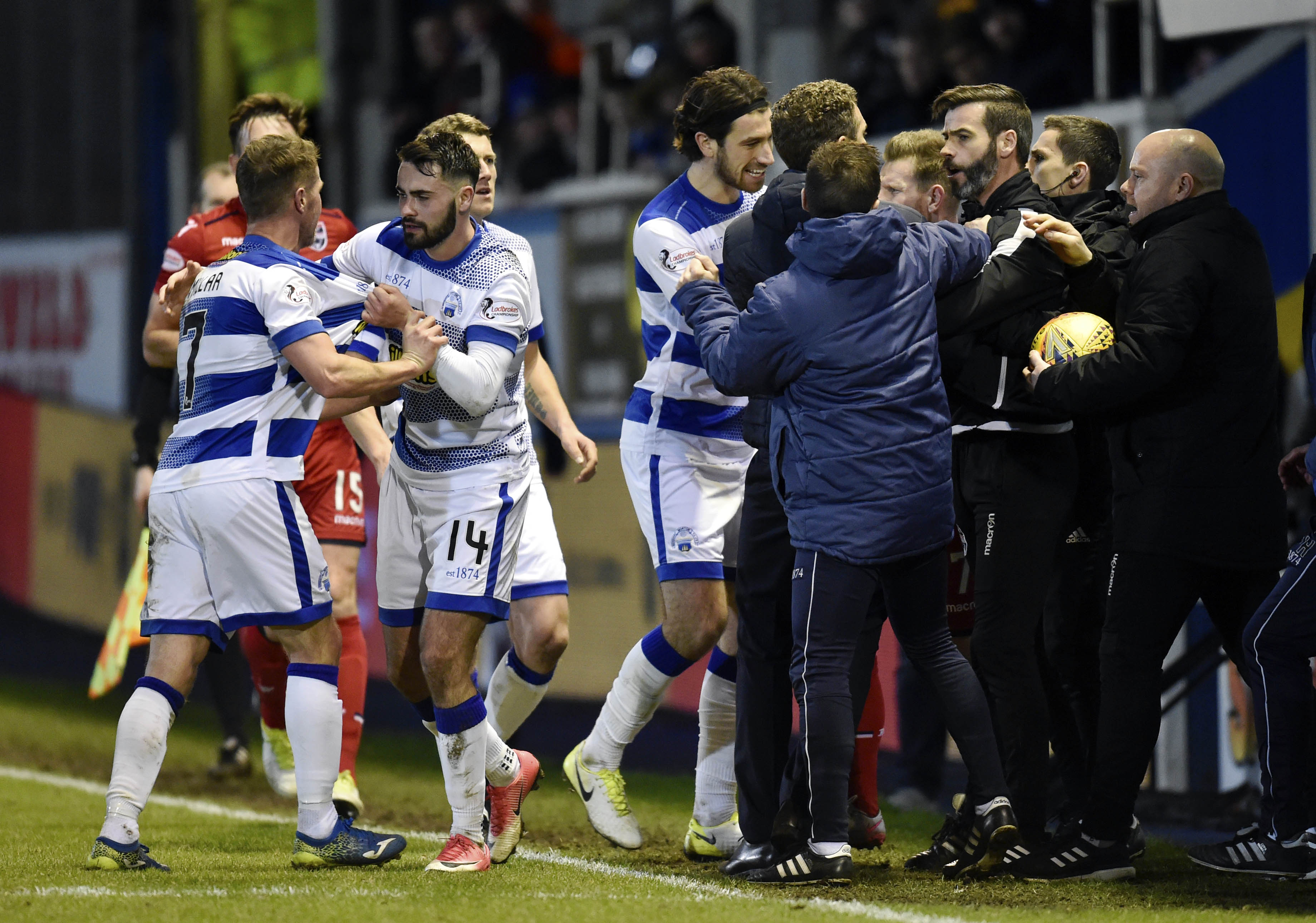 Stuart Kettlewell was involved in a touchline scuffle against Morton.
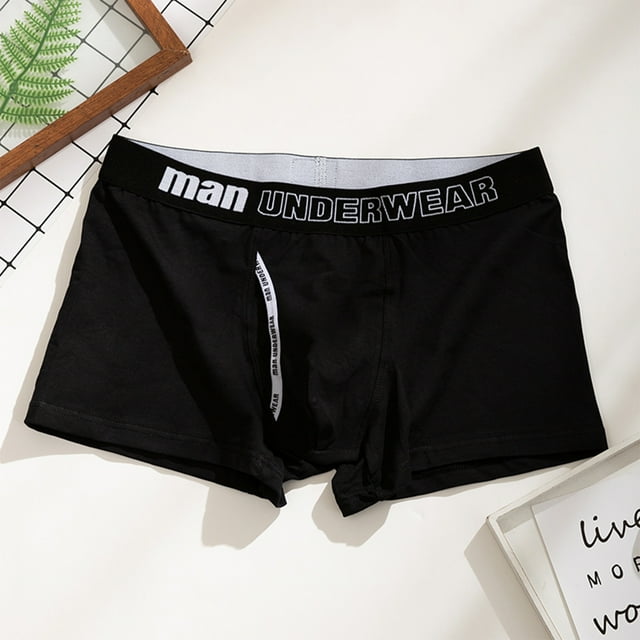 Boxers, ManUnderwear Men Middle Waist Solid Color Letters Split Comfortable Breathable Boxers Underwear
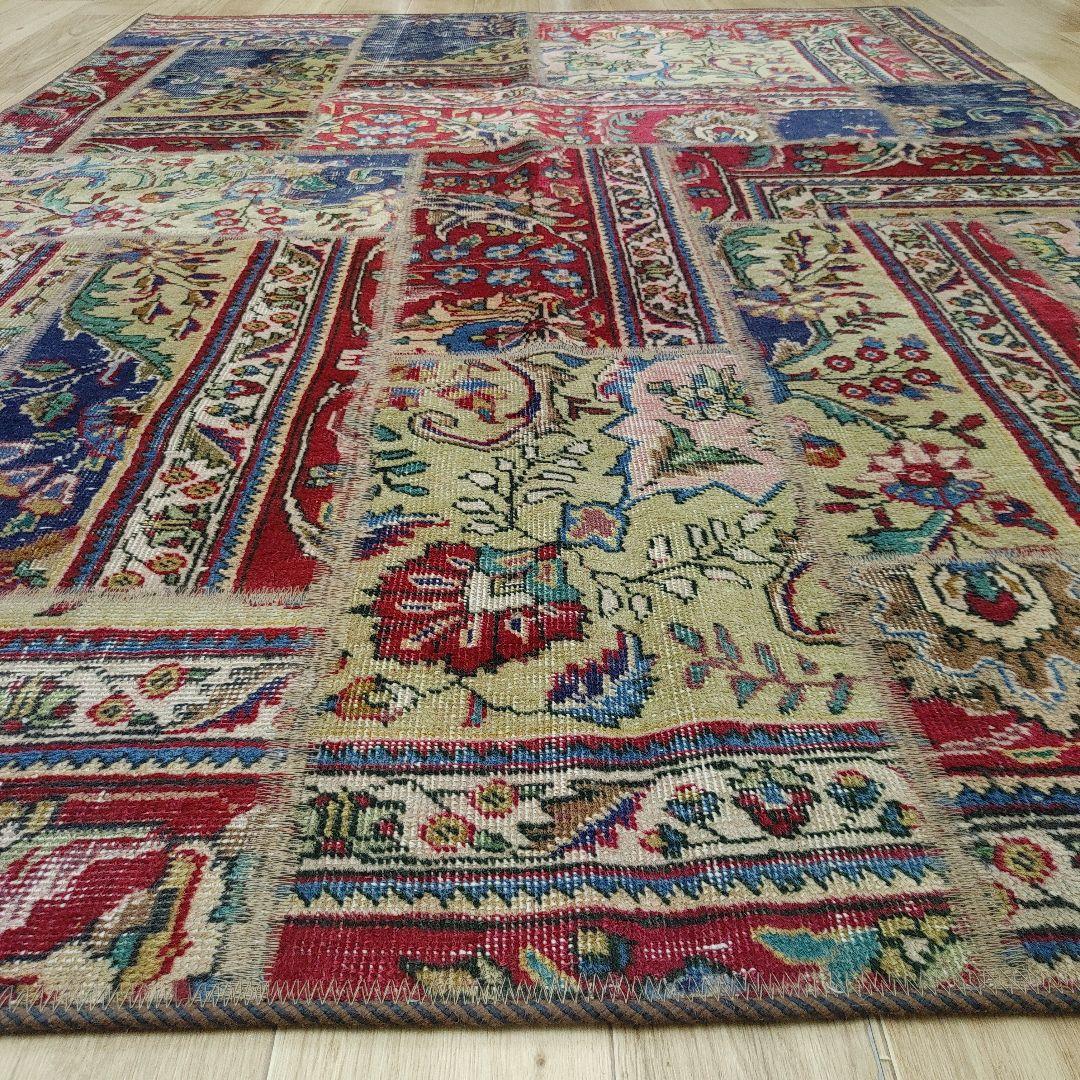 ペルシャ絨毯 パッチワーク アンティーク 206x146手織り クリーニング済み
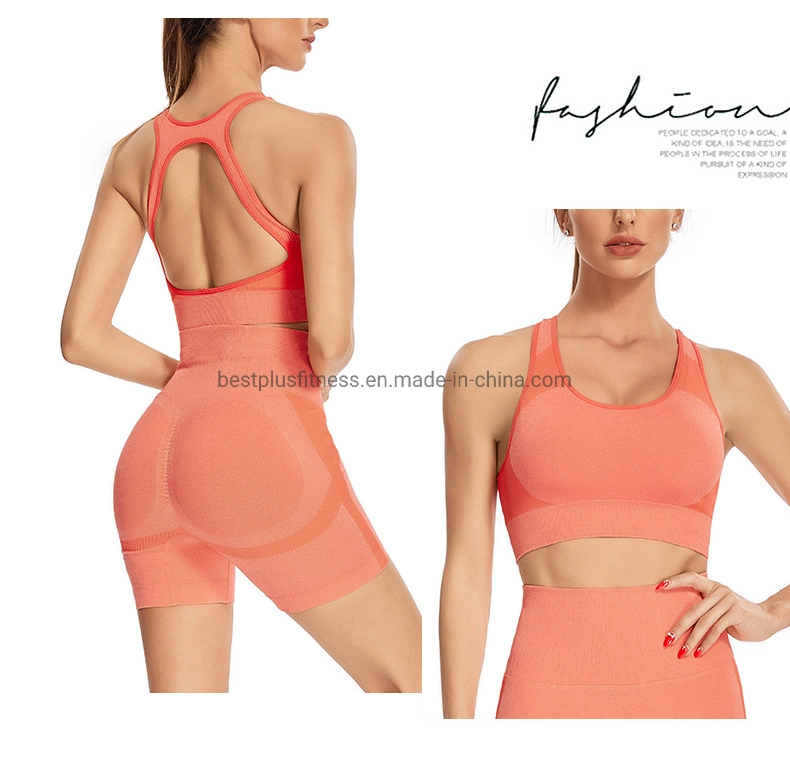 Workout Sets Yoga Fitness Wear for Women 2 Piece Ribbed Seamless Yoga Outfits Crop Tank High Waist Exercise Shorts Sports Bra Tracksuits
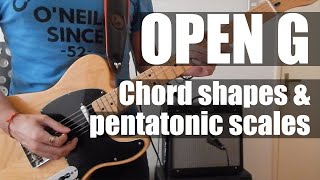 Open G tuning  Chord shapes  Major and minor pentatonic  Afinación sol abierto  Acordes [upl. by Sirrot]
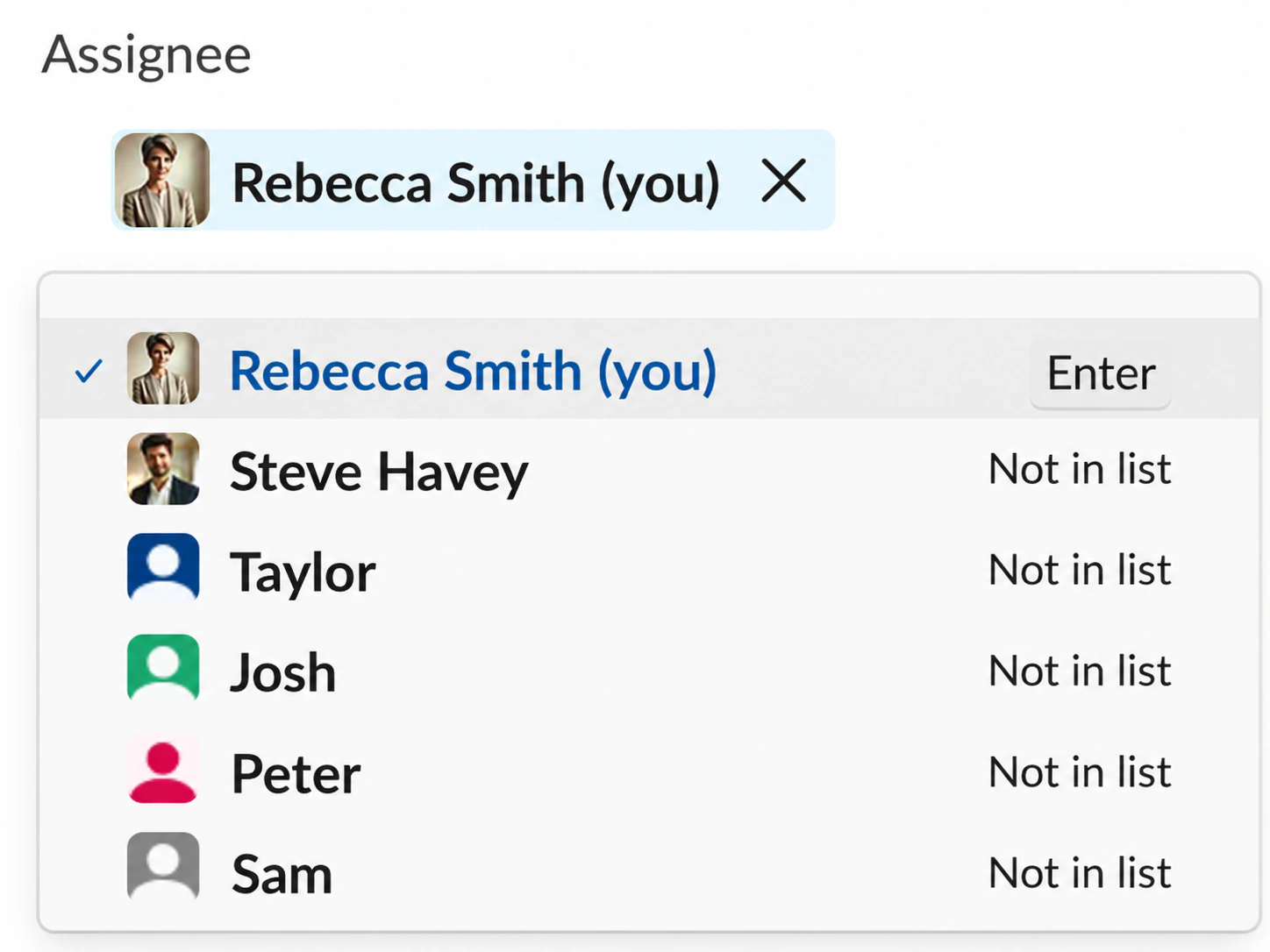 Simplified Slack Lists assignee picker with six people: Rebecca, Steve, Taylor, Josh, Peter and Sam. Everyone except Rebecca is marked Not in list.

...

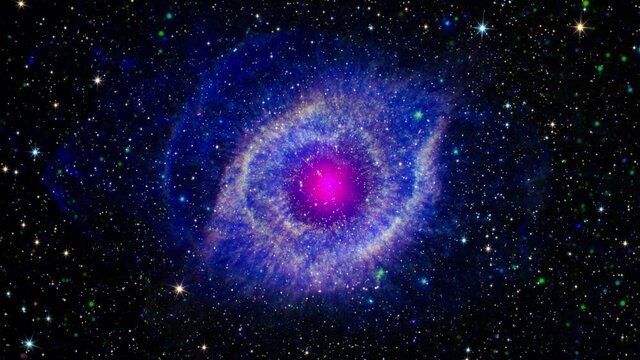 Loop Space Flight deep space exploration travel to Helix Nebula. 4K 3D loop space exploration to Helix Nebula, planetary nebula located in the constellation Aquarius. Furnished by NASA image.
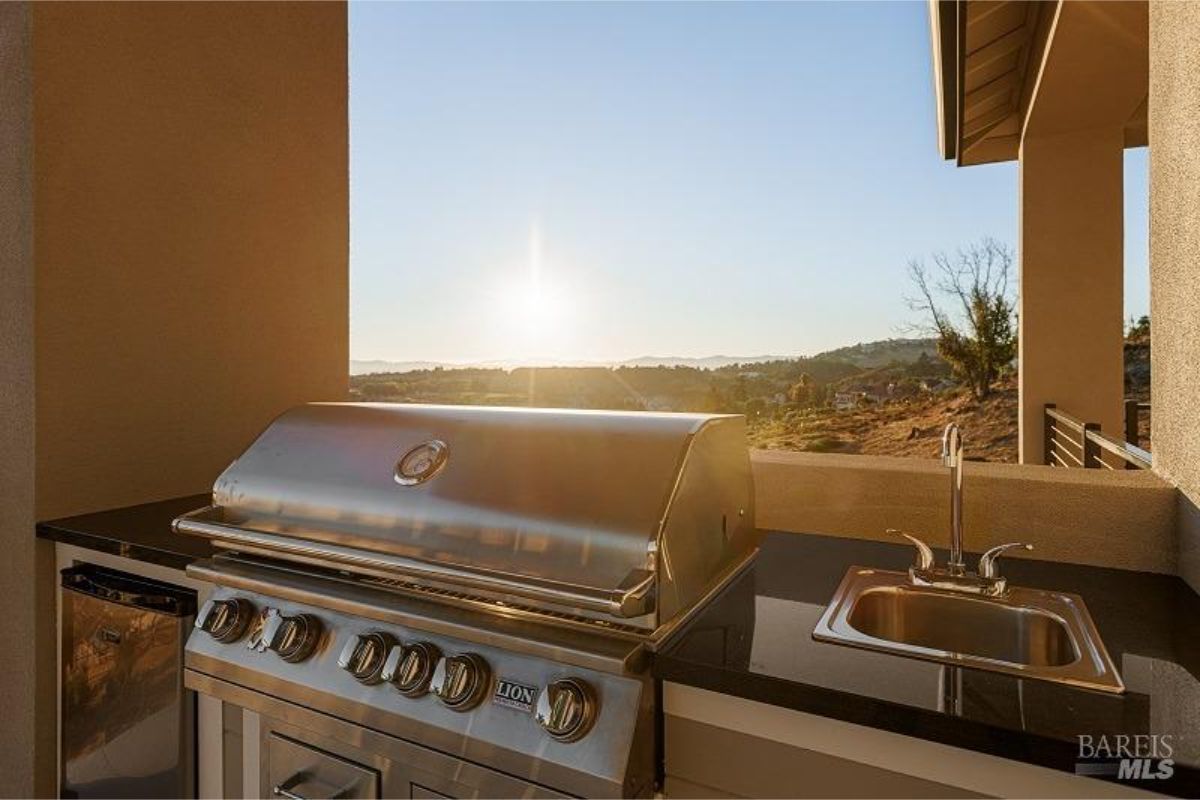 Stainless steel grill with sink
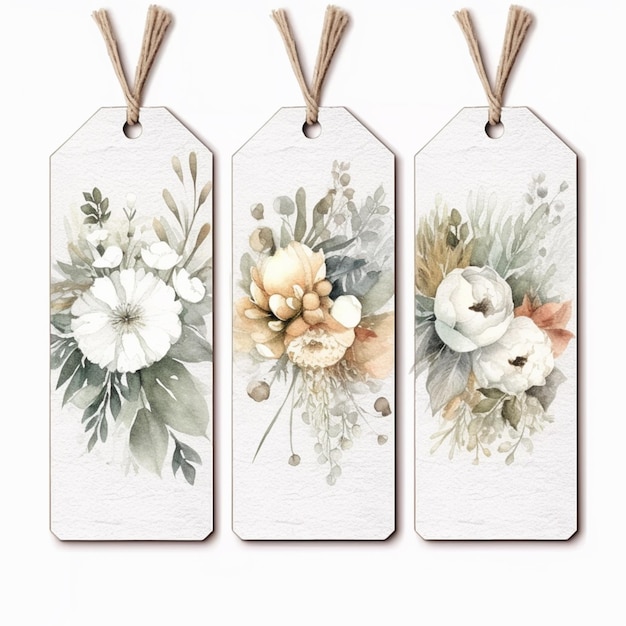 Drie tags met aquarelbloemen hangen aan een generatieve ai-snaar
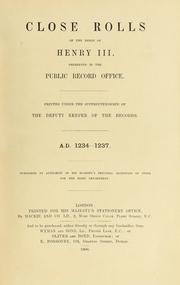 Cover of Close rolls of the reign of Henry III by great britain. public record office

What you have to do –
The lines above from the line with "Loop Space Flight" through the line with "Cover of Close" are to be given again word for word, with no pictures among them.

Answer to the problem –
 Loop Space Flight deep space exploration travel to Helix Nebula. 4K 3D loop space exploration to Helix Nebula, planetary nebula located in the constellation Aquarius. Furnished by NASA image.
 Stainless steel grill with sink
 Drie tags met aquarelbloemen hangen aan een generatieve ai-snaar
 Cover of Close rolls of the reign of Henry III by great britain. public record office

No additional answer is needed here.